This happened under Debian, but the problem can happen elsewhere, too.

PROBLEM:

After a seemingly successful installation, trying to run tex-related
commands from the tex installation failed because it could not find
and produce .fmt files.

A discussion in Debian bug report system indicates that the
cause is very likely to be low free-space condition.
https://bugs.debian.org/cgi-bin/bugreport.cgi?bug=748962

But there was no smoking gun back then.

What irked me most is Debian GNU/Linux installer did not report any
abnormal conditions during the installation, and it printed that it
had successfully loaded TeX-related packages.
But the end result was that the installation was not usable later
since .fmt files were not created properly. This confused me to no end.

DEBUGGING:

So I started debugging.

I started on the assumption that some commands that are executed
during the installation of TeX-related packages including TeX-live
don't return error exit code properly when they encountered errors due
to low-space condition (errno == ENOSPC).  So I looked for potential
issues in this regards when I start debugging.

Naturally I looked at .fmt files creation which was screwed up as
prime suspect.

FILE: fmtutil.sh is the most likely culprit.

(Others may remain, but I have identified serious bugs in fmtutil.sh
and am proposing a patch.)

After a few days reading and testing the code, here are an observation
and possible improvements that can make a script file used in
TeX-live, fmutils.sh, more robust in the face of a low free-space
condition, and hopefully make it report possible error as exit code to
invoking process in a more reliable way.

============================================
To make a VERY LONG story short, here is a summary:
============================================

Most compelling bug:

An "mv" command was executed in "if" command portion, but there
was NO "else/fi" part to handle its error!
I think this is the culprit that fails to return the error code so
that the Debian package installer could properly failed the
installation.

Now, it has a proper error handler in my proposed patch.  I also noticed
empty (0-byte) .fmt files under /var/lib/texmf/ hierarchy when this "mv"
command
failed due to full file system condition.
So I decided to remove the bogus partial file when "mv" failed.

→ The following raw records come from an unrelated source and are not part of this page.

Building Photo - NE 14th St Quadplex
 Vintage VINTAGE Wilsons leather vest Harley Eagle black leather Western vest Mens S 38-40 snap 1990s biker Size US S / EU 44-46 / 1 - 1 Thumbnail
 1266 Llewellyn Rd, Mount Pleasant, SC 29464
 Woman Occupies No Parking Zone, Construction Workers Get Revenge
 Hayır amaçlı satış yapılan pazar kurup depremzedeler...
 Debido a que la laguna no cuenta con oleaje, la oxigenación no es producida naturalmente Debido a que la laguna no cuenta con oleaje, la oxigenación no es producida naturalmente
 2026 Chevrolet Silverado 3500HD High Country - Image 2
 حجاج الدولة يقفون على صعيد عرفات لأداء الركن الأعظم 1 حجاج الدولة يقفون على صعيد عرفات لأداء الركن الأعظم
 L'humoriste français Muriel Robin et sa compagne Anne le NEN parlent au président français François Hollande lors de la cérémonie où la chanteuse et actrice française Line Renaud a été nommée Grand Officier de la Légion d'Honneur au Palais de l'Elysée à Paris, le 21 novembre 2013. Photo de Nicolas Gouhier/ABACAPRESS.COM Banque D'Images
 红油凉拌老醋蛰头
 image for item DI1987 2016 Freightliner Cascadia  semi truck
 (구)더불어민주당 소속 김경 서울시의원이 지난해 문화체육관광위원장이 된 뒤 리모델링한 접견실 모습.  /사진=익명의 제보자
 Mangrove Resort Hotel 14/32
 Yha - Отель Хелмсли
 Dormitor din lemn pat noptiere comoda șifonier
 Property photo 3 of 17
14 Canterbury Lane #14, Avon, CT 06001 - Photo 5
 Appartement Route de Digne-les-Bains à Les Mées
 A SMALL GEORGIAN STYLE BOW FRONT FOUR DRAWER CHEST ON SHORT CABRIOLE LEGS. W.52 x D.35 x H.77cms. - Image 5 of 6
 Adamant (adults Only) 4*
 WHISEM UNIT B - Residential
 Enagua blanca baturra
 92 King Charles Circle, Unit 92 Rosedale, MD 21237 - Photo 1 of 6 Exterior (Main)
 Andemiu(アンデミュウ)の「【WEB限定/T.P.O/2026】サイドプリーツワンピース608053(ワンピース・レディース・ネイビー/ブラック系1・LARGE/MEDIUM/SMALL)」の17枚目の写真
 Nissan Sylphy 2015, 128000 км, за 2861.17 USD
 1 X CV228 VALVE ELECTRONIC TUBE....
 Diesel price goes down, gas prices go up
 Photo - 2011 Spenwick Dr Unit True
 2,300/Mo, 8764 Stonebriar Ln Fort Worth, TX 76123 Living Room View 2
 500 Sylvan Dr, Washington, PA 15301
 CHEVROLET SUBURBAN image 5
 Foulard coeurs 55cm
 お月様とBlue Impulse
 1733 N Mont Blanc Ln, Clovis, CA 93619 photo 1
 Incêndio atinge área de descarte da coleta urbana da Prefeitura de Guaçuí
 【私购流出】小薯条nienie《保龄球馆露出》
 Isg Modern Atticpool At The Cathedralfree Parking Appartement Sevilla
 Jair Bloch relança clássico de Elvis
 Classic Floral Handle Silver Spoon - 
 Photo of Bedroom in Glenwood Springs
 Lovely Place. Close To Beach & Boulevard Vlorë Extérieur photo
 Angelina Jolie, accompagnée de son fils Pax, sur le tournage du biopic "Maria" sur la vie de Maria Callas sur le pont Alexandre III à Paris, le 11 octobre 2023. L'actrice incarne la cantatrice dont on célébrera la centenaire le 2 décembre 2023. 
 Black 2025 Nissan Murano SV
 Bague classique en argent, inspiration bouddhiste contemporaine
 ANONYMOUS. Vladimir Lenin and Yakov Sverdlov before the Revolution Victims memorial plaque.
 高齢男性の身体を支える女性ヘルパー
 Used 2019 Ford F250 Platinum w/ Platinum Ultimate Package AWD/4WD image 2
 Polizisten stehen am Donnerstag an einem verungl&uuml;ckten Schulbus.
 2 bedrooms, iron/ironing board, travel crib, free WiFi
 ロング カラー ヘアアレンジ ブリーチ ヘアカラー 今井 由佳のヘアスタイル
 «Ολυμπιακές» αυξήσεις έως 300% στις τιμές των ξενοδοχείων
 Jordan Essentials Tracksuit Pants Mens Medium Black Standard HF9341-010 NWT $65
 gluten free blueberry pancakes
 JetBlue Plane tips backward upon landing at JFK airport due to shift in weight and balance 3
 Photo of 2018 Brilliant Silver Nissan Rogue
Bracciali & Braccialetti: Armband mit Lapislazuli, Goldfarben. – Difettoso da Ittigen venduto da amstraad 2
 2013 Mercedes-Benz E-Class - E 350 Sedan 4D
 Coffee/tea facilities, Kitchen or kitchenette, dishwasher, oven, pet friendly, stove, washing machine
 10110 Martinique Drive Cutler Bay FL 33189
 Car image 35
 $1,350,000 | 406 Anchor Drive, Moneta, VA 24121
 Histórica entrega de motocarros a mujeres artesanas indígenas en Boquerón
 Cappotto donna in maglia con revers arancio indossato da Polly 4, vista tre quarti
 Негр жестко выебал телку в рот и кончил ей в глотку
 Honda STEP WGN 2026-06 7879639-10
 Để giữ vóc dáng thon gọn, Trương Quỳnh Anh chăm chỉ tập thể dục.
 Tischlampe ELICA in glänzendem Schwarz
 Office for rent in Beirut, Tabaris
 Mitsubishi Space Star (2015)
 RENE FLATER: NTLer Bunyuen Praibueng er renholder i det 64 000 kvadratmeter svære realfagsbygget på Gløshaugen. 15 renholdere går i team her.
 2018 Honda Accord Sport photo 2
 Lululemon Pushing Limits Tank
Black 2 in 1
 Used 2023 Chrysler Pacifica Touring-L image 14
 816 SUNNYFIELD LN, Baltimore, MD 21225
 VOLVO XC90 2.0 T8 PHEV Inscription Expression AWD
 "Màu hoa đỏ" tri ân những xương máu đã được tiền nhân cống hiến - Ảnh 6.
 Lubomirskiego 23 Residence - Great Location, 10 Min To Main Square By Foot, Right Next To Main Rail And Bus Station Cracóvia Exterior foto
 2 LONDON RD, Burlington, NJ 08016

Also, the trap processing introduced by "set -e" may not be
most appropriate and so I changed it a little.

So, To wrap up, I am attaching a patch.
Please find below the diff of modified fmtutil.sh

fmtutil is actually /usr/share/texlive/texmf-dist/scripts/texlive/fmtutil.sh

diff of modified fmtutil in /tmp/fmtutil.sh
and
/usr/bin/fmtutil which is a symlink to the script under
/usr/share/texlive/...
was produced and attached.

To be exact, I looked at Debian version of the fmtutil.sh, and
so there may be a few Debian-specific changes in the original
fmtutil.sh with which I started.


Thank you in advance for your attention.

---

Here is the MUCH LONGER version.

===============
VERY LONGER version
===============

Here are the gory details that are behind the proposed patch.

There are a few issues with the current code of fmtutil.sh (I downloaded
TexLive 2013 source code from TUG web site, and am describing the
issue. If in 2014 version, it has improved, so much the better.)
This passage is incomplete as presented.